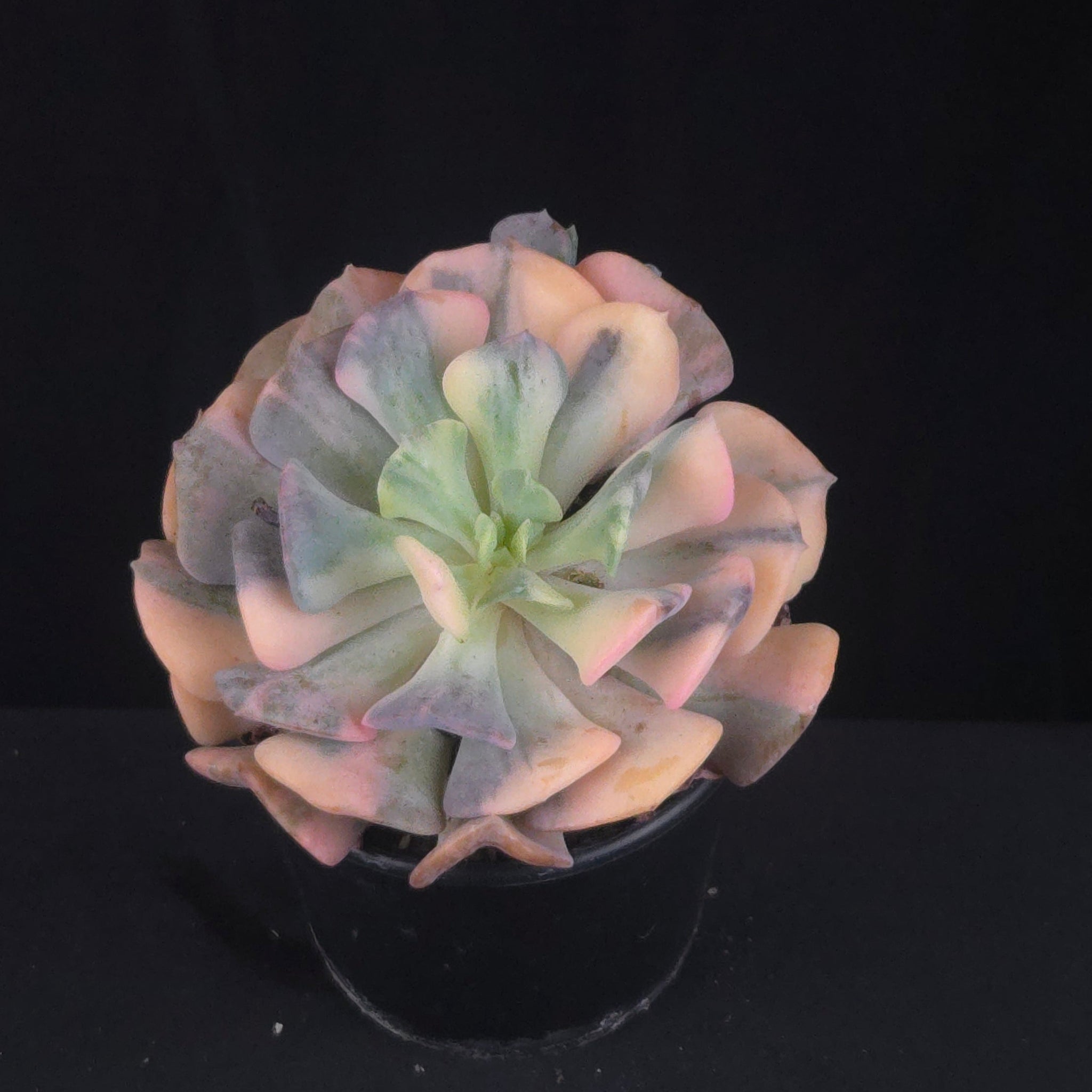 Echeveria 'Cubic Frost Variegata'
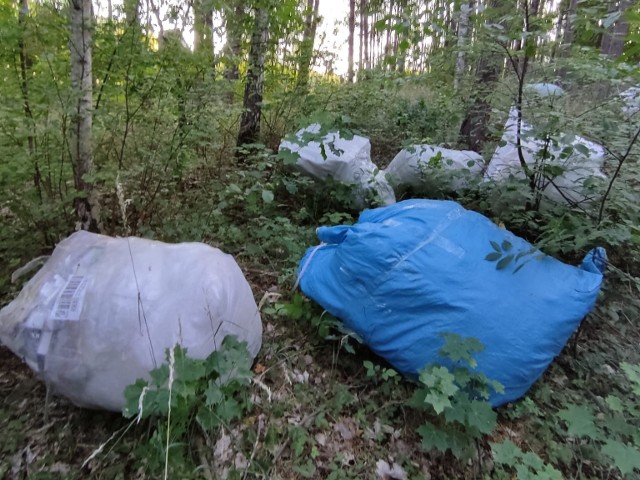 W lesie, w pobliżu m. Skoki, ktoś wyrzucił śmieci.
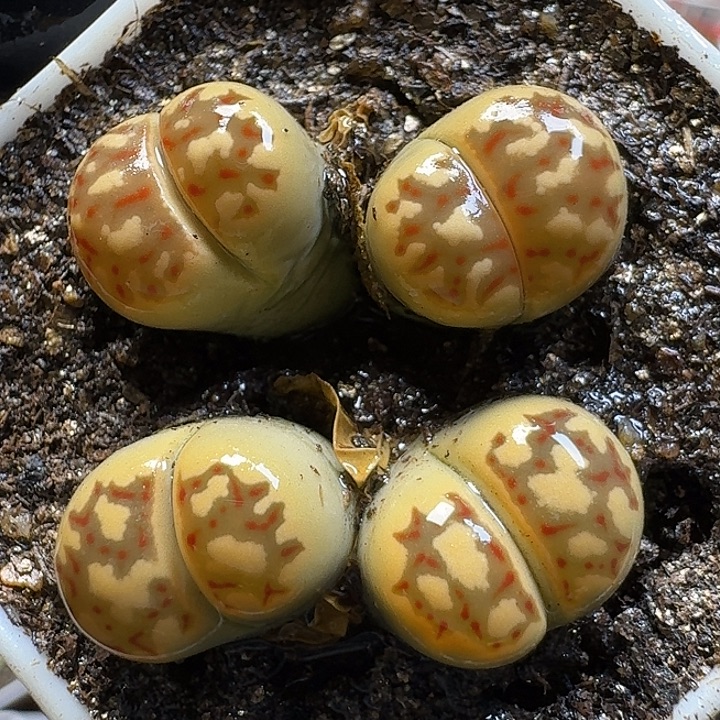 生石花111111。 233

※

What you return should be the exact lines from the one containing "W lesie, w pobliżu" through the end of the listing above, both included, minus any pictures.

 W lesie, w pobliżu m. Skoki, ktoś wyrzucił śmieci.
 生石花111111。 233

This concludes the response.